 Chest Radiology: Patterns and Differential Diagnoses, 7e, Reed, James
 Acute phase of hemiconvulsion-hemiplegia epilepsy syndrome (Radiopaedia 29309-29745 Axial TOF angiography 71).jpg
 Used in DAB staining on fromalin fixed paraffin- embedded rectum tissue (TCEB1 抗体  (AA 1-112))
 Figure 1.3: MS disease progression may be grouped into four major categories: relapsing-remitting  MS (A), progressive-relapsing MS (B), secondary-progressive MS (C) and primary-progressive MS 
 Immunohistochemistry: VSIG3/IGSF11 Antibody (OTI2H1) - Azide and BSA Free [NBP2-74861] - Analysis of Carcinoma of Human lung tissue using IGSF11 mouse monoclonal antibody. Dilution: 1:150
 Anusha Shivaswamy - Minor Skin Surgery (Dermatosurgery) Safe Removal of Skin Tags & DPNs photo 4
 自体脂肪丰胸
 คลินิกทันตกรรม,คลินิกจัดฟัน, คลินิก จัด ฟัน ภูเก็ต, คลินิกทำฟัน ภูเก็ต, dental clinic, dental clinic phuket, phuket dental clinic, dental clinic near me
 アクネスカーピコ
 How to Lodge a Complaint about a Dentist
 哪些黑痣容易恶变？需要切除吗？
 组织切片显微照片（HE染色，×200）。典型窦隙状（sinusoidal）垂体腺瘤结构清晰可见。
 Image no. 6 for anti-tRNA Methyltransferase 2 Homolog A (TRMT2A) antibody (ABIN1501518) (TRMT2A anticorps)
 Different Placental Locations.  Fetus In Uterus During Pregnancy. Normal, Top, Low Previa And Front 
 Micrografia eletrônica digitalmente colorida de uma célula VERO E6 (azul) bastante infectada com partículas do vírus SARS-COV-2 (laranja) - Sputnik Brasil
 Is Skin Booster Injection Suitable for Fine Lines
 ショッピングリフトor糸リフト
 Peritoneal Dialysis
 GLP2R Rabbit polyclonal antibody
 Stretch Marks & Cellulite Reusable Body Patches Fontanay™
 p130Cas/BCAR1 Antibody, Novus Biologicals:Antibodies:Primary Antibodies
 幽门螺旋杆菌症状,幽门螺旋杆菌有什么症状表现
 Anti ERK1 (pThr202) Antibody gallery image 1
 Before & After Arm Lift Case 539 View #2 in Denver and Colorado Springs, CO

* * * * * * * * *

> [Your instructions]: The line containing "p130Cas/BCAR1 Antibody, Novus" marks the start. Reproduce it and all lines after it through the end of the listing, exactly and alone.

> [Solved problem]:
 p130Cas/BCAR1 Antibody, Novus Biologicals:Antibodies:Primary Antibodies
 幽门螺旋杆菌症状,幽门螺旋杆菌有什么症状表现
 Anti ERK1 (pThr202) Antibody gallery image 1
 Before & After Arm Lift Case 539 View #2 in Denver and Colorado Springs, CO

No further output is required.